Por causa do individualismo, o autorreferencialismo se estabelece. Quem é a forma perfeita?: EU. Mas, como pode o presbítero esquecer que a referência é sempre Cristo? E como o povo pode desejar uma religiosidade que agrada ao ego? Se me faz bem, eu vou. Se eu choro, este padre é ungido… etc.

Quem é o presbítero em meio a este mundo doente? É aquele que se deixa ser atraído pela gratuidade de uma vida entregue a Deus. Aquele que cuida dos que lhe foram confiados. Aquele que sabe os limites e os comunica aos outros. É aquele que não negligencia a missão, mas também não se deixa sobrecarregar pelos muitos trabalhos. Aquele que é íntimo de Deus e das dores dos homens. É o homem de Deus e dos irmãos!

O cuidado de si também faz parte da missão. É cuidar cuidando-se. Os números de suicídios e de desistências do ministério refletem as enfermidades que assolam também a vida dos sacerdotes. Burnout, ansiedade, depressão, abuso de substâncias químicas, transtornos de personalidade, etc. A Presbiterorum Ordinis usa uma palavra para descrever os tempos: desalento.

O começo de uma mudança se dá com a descoberta do convite de Jesus:Vinde a mim, vós que estais cansados” (Mt 11,28). Dom Joel Portella, secretário da CNBB, nos fez este audacioso e conhecido convite: Escutar o convite de Jesus, descansar nEle. Não dá para, em meio às mudanças que se fazem presentes, colocar nossa confiança naquilo que temos ao alcance, na loucura da crise de identidade, o indivíduo se agarra ao que está ao seu alcance. Temos as verdades basilares. A Igreja, sacramento da salvação, continua sua missão no mundo.

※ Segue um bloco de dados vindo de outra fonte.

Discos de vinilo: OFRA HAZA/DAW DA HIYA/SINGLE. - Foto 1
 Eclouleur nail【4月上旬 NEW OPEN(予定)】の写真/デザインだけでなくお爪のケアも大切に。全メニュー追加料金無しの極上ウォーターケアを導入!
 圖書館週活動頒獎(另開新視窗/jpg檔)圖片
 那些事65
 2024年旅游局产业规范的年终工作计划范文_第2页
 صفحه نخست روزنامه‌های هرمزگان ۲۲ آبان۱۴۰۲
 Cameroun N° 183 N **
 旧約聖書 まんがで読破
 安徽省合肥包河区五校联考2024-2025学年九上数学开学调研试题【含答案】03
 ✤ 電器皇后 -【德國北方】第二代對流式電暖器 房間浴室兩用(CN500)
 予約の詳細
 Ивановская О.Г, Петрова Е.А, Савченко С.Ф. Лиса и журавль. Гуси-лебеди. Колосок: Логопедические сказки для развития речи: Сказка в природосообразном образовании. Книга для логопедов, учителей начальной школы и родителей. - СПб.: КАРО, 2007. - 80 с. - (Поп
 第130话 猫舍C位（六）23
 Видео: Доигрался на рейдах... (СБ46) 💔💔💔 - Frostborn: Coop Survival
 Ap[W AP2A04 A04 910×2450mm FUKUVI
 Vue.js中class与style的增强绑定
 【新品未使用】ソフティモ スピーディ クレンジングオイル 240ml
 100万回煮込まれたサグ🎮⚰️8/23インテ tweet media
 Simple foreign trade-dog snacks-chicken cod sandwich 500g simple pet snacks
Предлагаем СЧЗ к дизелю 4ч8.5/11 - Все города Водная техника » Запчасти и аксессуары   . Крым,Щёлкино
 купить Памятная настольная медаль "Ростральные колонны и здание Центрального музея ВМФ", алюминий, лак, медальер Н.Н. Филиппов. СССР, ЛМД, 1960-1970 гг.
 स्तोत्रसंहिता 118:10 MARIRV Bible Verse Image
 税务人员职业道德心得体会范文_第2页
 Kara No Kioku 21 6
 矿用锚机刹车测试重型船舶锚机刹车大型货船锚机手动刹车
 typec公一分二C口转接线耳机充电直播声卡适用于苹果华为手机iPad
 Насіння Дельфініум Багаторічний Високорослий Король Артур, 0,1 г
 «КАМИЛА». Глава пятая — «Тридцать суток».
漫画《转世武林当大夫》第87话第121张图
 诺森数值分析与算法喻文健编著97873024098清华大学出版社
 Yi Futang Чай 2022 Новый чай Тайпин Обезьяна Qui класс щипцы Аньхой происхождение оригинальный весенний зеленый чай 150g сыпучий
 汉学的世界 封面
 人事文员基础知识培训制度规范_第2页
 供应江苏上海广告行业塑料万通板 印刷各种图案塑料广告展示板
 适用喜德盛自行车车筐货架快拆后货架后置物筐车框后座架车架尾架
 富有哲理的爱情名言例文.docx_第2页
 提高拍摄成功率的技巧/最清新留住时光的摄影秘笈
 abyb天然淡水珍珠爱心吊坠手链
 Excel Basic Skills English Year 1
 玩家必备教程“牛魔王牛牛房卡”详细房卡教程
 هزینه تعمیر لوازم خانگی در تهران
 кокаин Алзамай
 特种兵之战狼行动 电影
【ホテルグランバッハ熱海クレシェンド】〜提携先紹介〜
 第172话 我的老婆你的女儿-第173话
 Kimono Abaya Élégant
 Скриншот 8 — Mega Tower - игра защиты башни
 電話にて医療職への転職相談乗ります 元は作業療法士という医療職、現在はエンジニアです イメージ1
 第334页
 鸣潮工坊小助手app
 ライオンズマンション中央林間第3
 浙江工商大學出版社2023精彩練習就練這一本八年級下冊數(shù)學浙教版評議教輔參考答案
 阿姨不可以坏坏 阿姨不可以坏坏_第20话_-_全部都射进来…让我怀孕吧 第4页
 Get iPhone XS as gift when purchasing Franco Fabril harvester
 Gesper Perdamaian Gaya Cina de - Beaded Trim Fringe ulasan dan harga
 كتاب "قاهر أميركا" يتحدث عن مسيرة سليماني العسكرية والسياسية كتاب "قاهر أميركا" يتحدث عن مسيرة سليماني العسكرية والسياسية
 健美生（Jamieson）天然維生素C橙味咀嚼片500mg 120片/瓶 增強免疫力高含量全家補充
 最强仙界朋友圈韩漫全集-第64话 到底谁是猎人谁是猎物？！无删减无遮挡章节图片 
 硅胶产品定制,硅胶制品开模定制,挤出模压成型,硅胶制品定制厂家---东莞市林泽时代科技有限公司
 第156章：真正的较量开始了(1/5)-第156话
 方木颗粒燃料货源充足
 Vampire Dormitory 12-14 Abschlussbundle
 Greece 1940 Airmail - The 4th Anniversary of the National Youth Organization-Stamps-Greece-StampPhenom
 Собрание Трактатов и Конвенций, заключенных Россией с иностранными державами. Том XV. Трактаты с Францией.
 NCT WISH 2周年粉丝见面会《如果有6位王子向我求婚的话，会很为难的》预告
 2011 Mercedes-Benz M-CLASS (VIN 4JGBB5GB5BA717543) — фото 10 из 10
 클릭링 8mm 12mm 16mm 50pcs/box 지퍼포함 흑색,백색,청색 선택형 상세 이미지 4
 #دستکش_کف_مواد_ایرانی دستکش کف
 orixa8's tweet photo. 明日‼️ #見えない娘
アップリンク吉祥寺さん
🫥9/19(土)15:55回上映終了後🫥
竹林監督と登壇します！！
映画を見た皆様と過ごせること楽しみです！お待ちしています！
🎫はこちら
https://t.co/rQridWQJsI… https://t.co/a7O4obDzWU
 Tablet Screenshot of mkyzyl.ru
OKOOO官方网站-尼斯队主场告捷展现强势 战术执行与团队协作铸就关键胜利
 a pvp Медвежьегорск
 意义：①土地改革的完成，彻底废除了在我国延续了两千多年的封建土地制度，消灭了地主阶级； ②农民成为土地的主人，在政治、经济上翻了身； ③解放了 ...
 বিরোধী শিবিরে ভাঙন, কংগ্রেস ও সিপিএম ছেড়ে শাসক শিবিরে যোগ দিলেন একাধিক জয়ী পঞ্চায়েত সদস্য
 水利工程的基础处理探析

O presbítero é o homem da esperança com características, segundo Dom Joel, bem definidas:

O sacerdote é peregrino: como Jesus, o enviado do Pai, o sacerdote vive sua missão neste mundo sabendo que sua realização se dará em plenitude em Deus. Caminhamos nas estradas do mundo rumo ao céu;

O sacerdote é irrequieto: não se acomoda, mas busca, em meio a tudo, formas de anunciar Deus e seu reino;

O sacerdote é ponte: estabelece relações, liga através dos sacramentos, principalmente o sacramento da confissão;

O sacerdote é ouvinte: trata-se da nobre missão de se fazer escuta. Escuta a Deus e escuta os irmãos;

O sacerdote é testemunha: não se trata de anunciar Cristo com um discurso vazio e frio, mas de tocar o coração das pessoas com o que viu e ouviu;

O sacerdote é celibatário: sua vida é uma oferta. O amor é indiviso, é todo entregue a Deus;

O sacerdote é Cirineu: feito para ajudar os irmãos a carregarem as pesadas cruzes desta vida, anunciando-lhes a grandeza do céu;

O sacerdote é irmão: membro de uma família chamada presbitério, onde experimenta o exercício da fraternidade presbiteral, é irmão com os irmãos;

Rezemos pelos sacerdotes de nossa Diocese e pelos sacerdotes espalhados no mundo inteiro. Sejam eles homens de comunhão e de serviço. E que, em nossas paróquias e comunidades, cooperemos com o exercício pastoral de nossos padres. Construamos a Igreja de Cristo sendo irmãos uns dos outros e ajudando sempre a carregar a cruz.